A 'permutation' of a collection of distinct objects is an arrangement of the objects (without repetition) in which the order is important. If one were to ask how many permutations there are of the letters {a,b,c,d,e}, by the basic principle of counting the answer is 5x4x3x2x1=120, since one has 5 choices for the first letter, then just 4 for the second since repetition is not allowed, and so on. There is a special mathematical symbol to denote 5x4x3x2x1, namely 5!. The exclamation point is read factorial, and it is defined for positive integers to mean that one multiplies together all the integers starting at the given integer (here 5) decreasing by 1 each time until one reaches 1. So, for example, 4!=4x3x2x1=24, 3!=3x2x1=6, 2!=2x1=2, and 1!=1. In general, n! = nx(n-1)x(n-2) . . . 3x2x1, where the dots indicate a continuation along the same pattern. (In order that the formulas derived below work in general, 0! is defined to be equal to 1.)

A problem in combinatorial theory is to determine how many total permutations are possible if one selects only a certain fixed number of objects from the collection. For example, to determine how many total permutations there are if one chooses exactly 3 letters without repetition from the letters {a,b,c,d,e}, by the basic principle of counting the answer is 5x4x3=60. One could list them as follows:

abc, acb, bac, bca, cab, cba,   abd, adb, bad, bda, dab, dba,

abe, aeb, bae, bea, eab, eba,   acd, adc, cad, cda, dac, dca,

ace, aec, cae, cea, eac, eca,   ade, aed, dae, dea, ead, eda,

bcd, bdc, cbd, cdb, dbc, dcb,   bce, bec, cbe, ceb, ebc, ecb,

bde, bed, dbe, deb, ebd, edb,   cde, ced, dce, dec, ecd, edc

The factorial symbol can be used to come up with a simple formula for the total number of these permutations. Let ⁿP_r denote the number of permutations of n different objects when r are chosen without repetition. For example, ⁵P₃ = 5x4x3 = 5x4x3x2x1/2x1 = 5!/2! , and ⁶P₂ = 6x5 = 6x5x4x3x2x1/4x3x2x1 = 6!/4!. Generalizing this, the formula for ⁿP_r is ⁿP_r = n!/(n-r)!. (Note that if one chooses all n objects this reduces to the original problem of how many permutations there are of a collection of n objects. The formula gives ⁿP_n = n!/0! = n!, as it should, since we define 0! to be 1.)

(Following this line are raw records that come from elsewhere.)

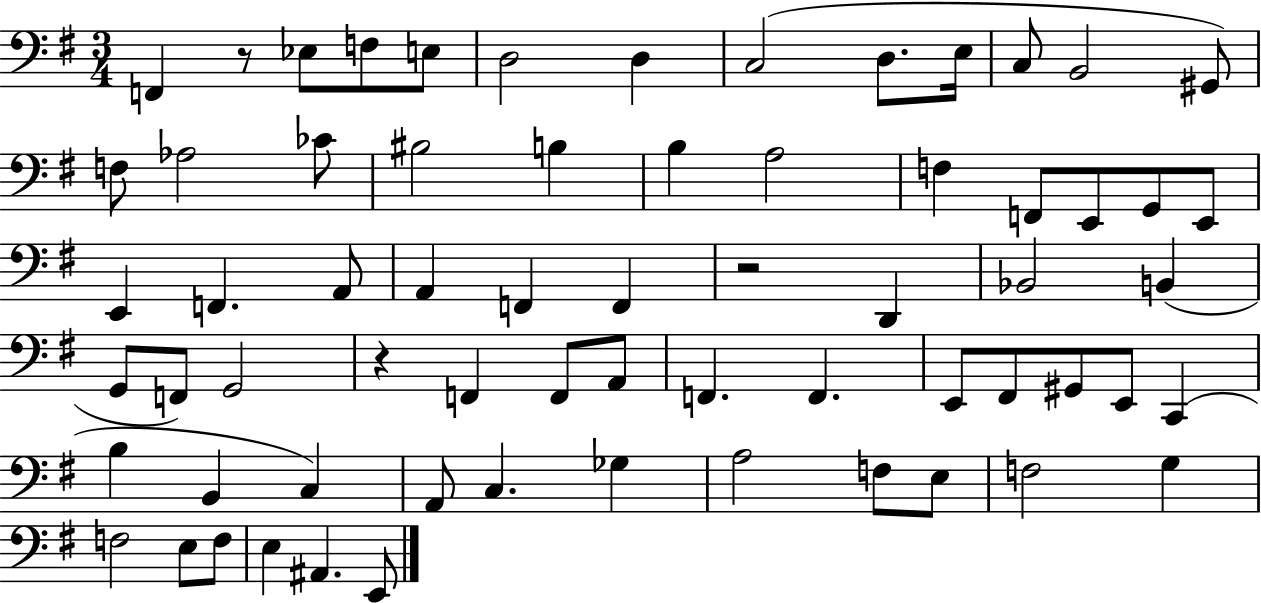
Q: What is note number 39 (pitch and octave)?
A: A2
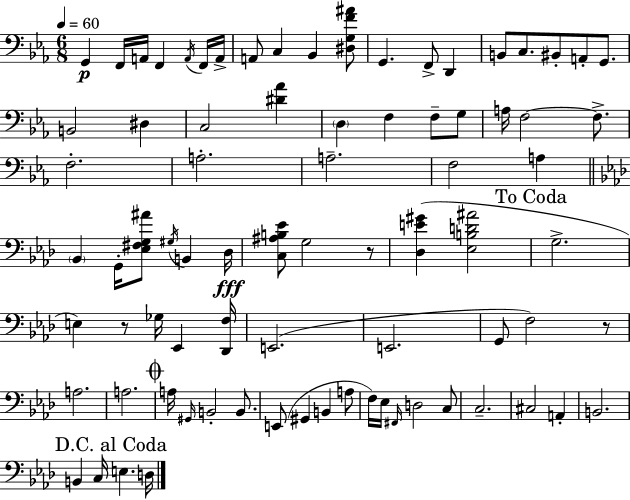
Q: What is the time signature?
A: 6/8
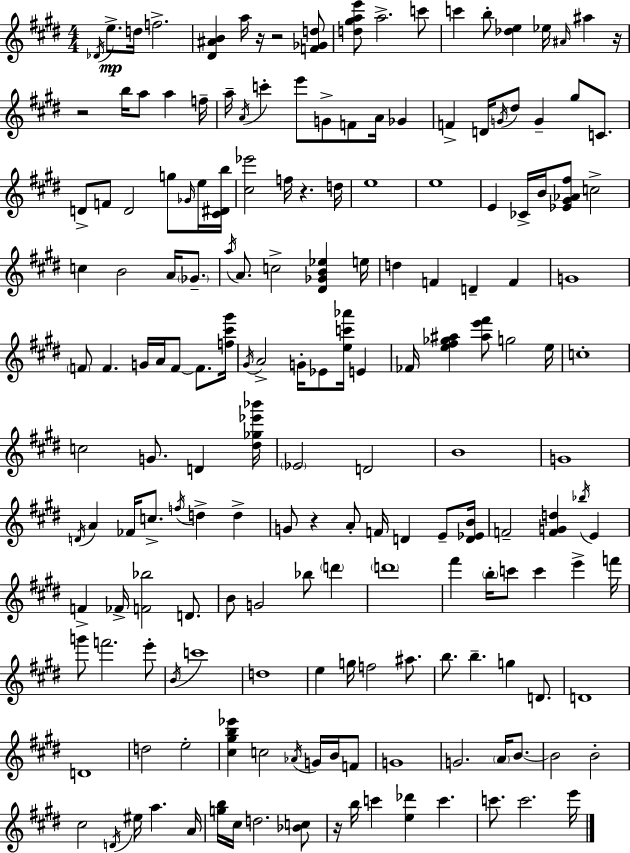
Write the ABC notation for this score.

X:1
T:Untitled
M:4/4
L:1/4
K:E
_D/4 e/2 d/4 f2 [^D^AB] a/4 z/4 z2 [F_Gd]/2 [d^gae']/2 a2 c'/2 c' b/2 [_de] _e/4 ^A/4 ^a z/4 z2 b/4 a/2 a f/4 a/4 A/4 c' e'/2 G/2 F/2 A/4 _G F D/4 G/4 ^d/2 G ^g/2 C/2 D/2 F/2 D2 g/2 _G/4 e/4 [^C^Db]/4 [^c_e']2 f/4 z d/4 e4 e4 E _C/4 B/4 [_E^G_A^f]/2 c2 c B2 A/4 _G/2 a/4 A/2 c2 [^D_GB_e] e/4 d F D F G4 F/2 F G/4 A/4 F/2 F/2 [f^c'^g']/4 ^G/4 A2 G/4 _E/2 [ec'_a']/4 E _F/4 [e^f_g^a] [^ae'^f']/2 g2 e/4 c4 c2 G/2 D [^d_g_e'_b']/4 _E2 D2 B4 G4 D/4 A _F/4 c/2 f/4 d d G/2 z A/2 F/4 D E/2 [D_EB]/4 F2 [FGd] _b/4 E F _F/4 [F_b]2 D/2 B/2 G2 _b/2 d' d'4 ^f' b/4 c'/2 c' e' f'/4 g'/2 f'2 e'/2 B/4 c'4 d4 e g/4 f2 ^a/2 b/2 b g D/2 D4 D4 d2 e2 [^c^gb_e'] c2 _A/4 G/4 B/4 F/2 G4 G2 A/4 B/2 B2 B2 ^c2 D/4 ^e/4 a A/4 [gb]/4 ^c/4 d2 [_Bc]/2 z/4 b/4 c' [e_d'] c' c'/2 c'2 e'/4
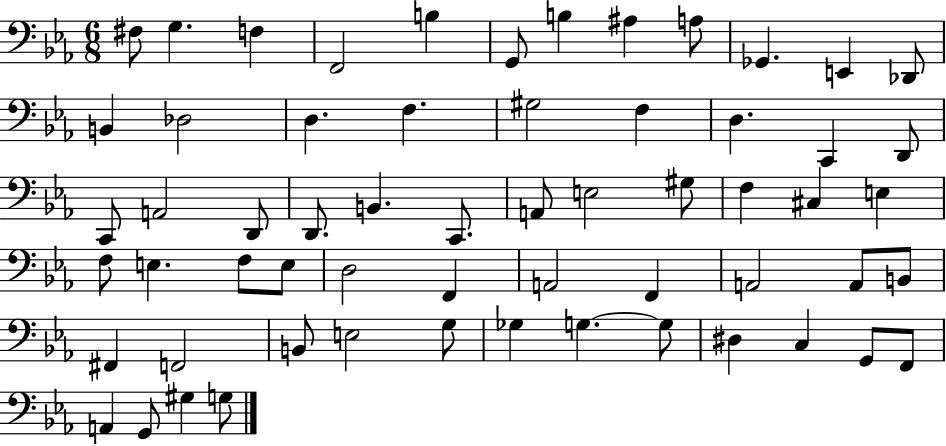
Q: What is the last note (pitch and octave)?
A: G3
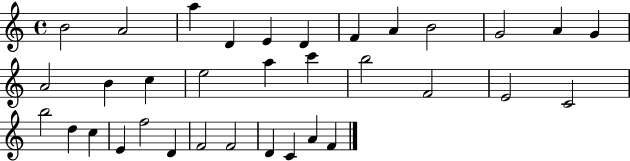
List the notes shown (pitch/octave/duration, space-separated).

B4/h A4/h A5/q D4/q E4/q D4/q F4/q A4/q B4/h G4/h A4/q G4/q A4/h B4/q C5/q E5/h A5/q C6/q B5/h F4/h E4/h C4/h B5/h D5/q C5/q E4/q F5/h D4/q F4/h F4/h D4/q C4/q A4/q F4/q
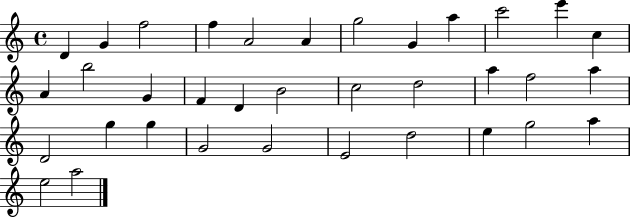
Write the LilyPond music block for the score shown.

{
  \clef treble
  \time 4/4
  \defaultTimeSignature
  \key c \major
  d'4 g'4 f''2 | f''4 a'2 a'4 | g''2 g'4 a''4 | c'''2 e'''4 c''4 | \break a'4 b''2 g'4 | f'4 d'4 b'2 | c''2 d''2 | a''4 f''2 a''4 | \break d'2 g''4 g''4 | g'2 g'2 | e'2 d''2 | e''4 g''2 a''4 | \break e''2 a''2 | \bar "|."
}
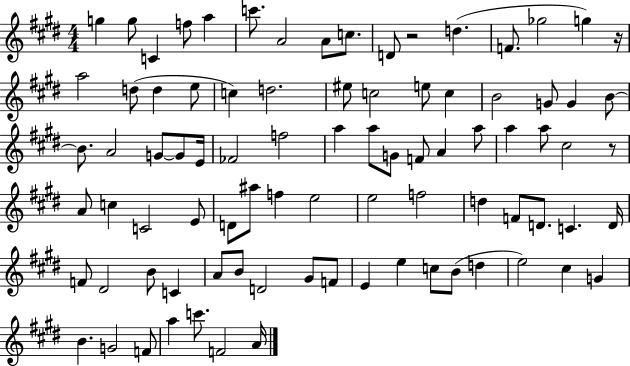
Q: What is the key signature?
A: E major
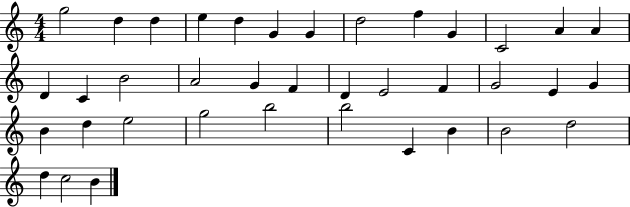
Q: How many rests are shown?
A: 0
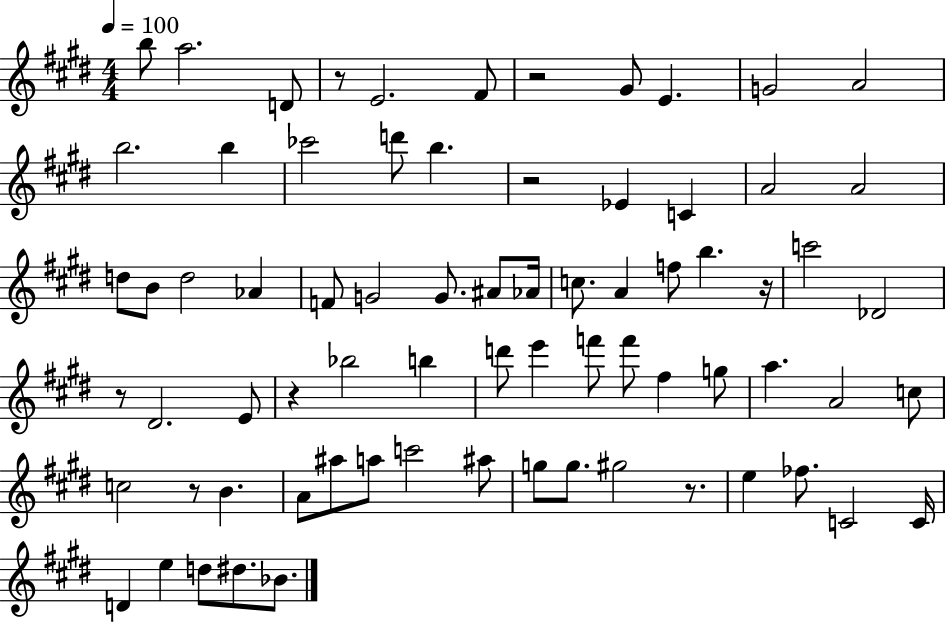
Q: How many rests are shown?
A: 8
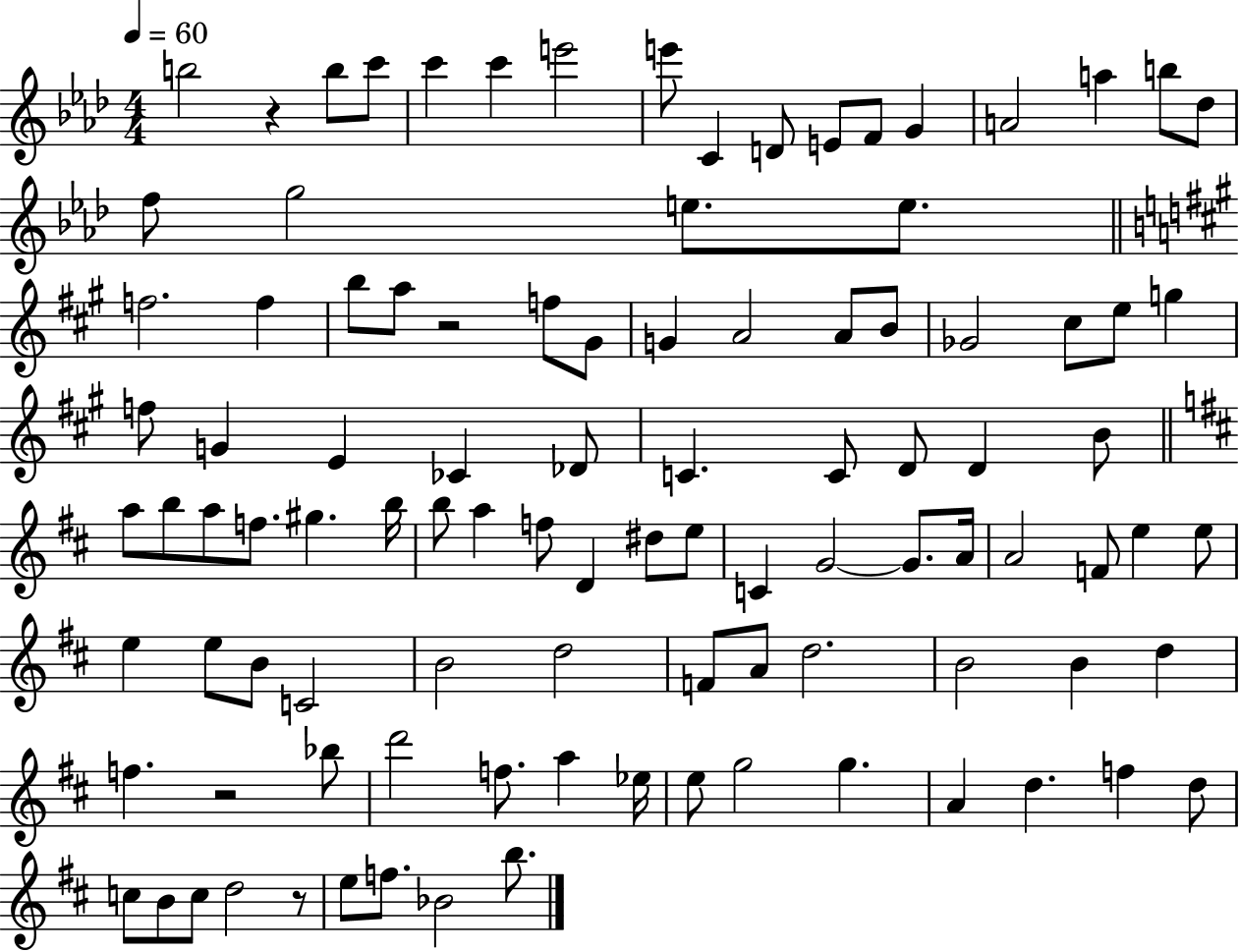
{
  \clef treble
  \numericTimeSignature
  \time 4/4
  \key aes \major
  \tempo 4 = 60
  \repeat volta 2 { b''2 r4 b''8 c'''8 | c'''4 c'''4 e'''2 | e'''8 c'4 d'8 e'8 f'8 g'4 | a'2 a''4 b''8 des''8 | \break f''8 g''2 e''8. e''8. | \bar "||" \break \key a \major f''2. f''4 | b''8 a''8 r2 f''8 gis'8 | g'4 a'2 a'8 b'8 | ges'2 cis''8 e''8 g''4 | \break f''8 g'4 e'4 ces'4 des'8 | c'4. c'8 d'8 d'4 b'8 | \bar "||" \break \key d \major a''8 b''8 a''8 f''8. gis''4. b''16 | b''8 a''4 f''8 d'4 dis''8 e''8 | c'4 g'2~~ g'8. a'16 | a'2 f'8 e''4 e''8 | \break e''4 e''8 b'8 c'2 | b'2 d''2 | f'8 a'8 d''2. | b'2 b'4 d''4 | \break f''4. r2 bes''8 | d'''2 f''8. a''4 ees''16 | e''8 g''2 g''4. | a'4 d''4. f''4 d''8 | \break c''8 b'8 c''8 d''2 r8 | e''8 f''8. bes'2 b''8. | } \bar "|."
}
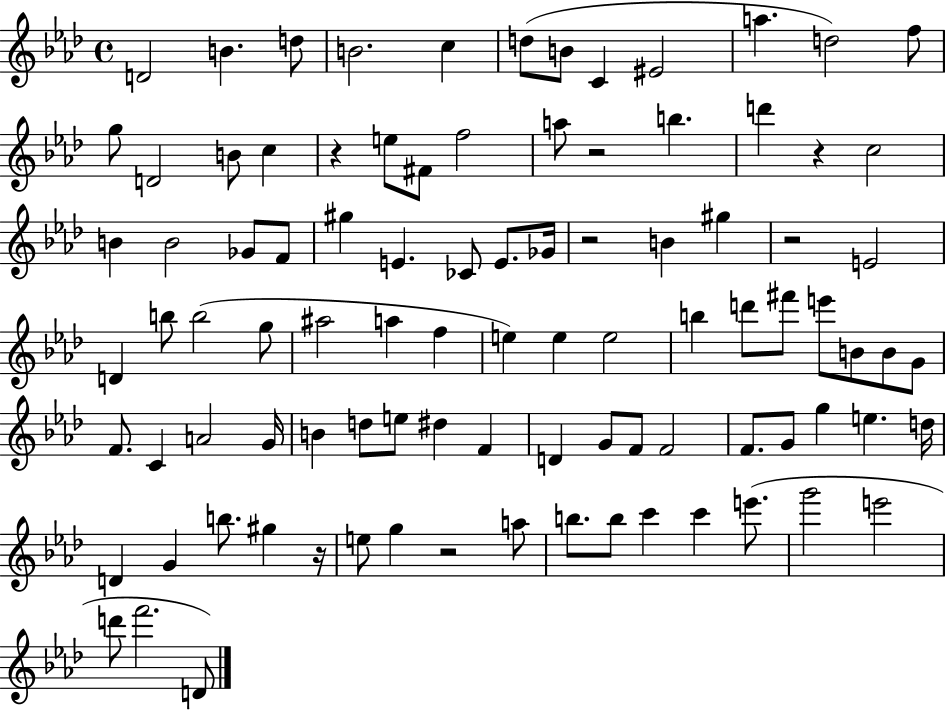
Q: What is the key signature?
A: AES major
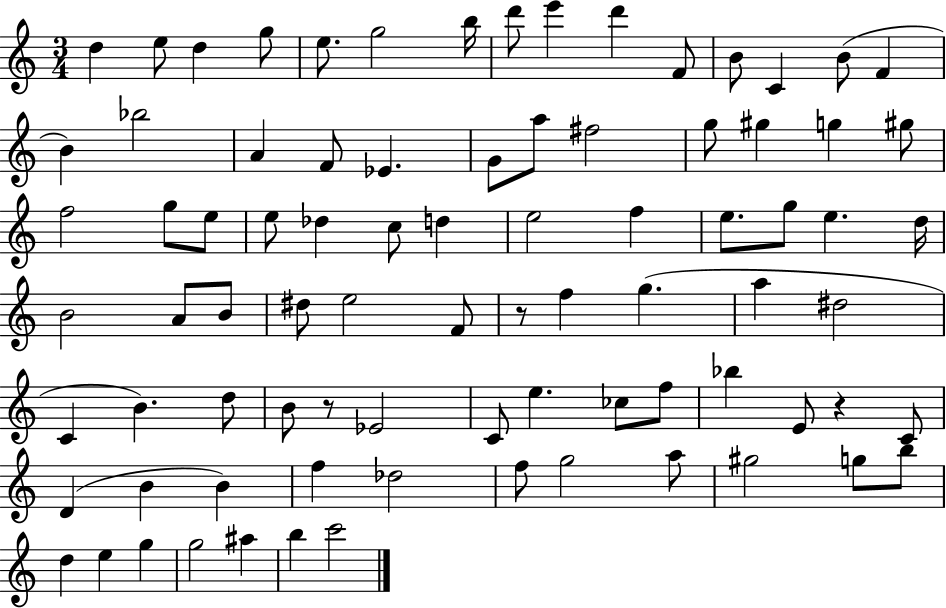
X:1
T:Untitled
M:3/4
L:1/4
K:C
d e/2 d g/2 e/2 g2 b/4 d'/2 e' d' F/2 B/2 C B/2 F B _b2 A F/2 _E G/2 a/2 ^f2 g/2 ^g g ^g/2 f2 g/2 e/2 e/2 _d c/2 d e2 f e/2 g/2 e d/4 B2 A/2 B/2 ^d/2 e2 F/2 z/2 f g a ^d2 C B d/2 B/2 z/2 _E2 C/2 e _c/2 f/2 _b E/2 z C/2 D B B f _d2 f/2 g2 a/2 ^g2 g/2 b/2 d e g g2 ^a b c'2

A 'combination' is like a permutation, except that order is not important. For example, to determine how many ways one can choose 3 letters without repetition in which order is not important from the letters {a,b,c,d,e}, one sees that each 3 letter group in the list above can be ordered in ³P₃ = 3! = 6 different ways. For example, the three letter group abc gives rise to 3! = 6 permutations, namely abc, acb, bac, bca, cab, cba. Thus to get the number of combinations one must divide the number of permutations by 3! = 6, which in this case equals 10 (abc,abd,abe,acd,ace,ade,bcd,bce,bde,cde). Let ⁿC_r denote the number of combinations of n different objects where r are chosen and order is not important. For example ⁵C₃ = ⁵P₃/3! = 5!/3!2! = 10, and ⁶C₂ = ⁶P₂/2! = 6!/2!4! = 15. Generalizing this result, the formula for ⁿC_r is ⁿC_r = [n!/(n-r)!]/r! = n!/r!(n-r)!. (Note that if one chooses all n objects there is only 1 combination. The formula gives ⁿC_n = n!/n!0! = 1, since we define 0! to be 1.)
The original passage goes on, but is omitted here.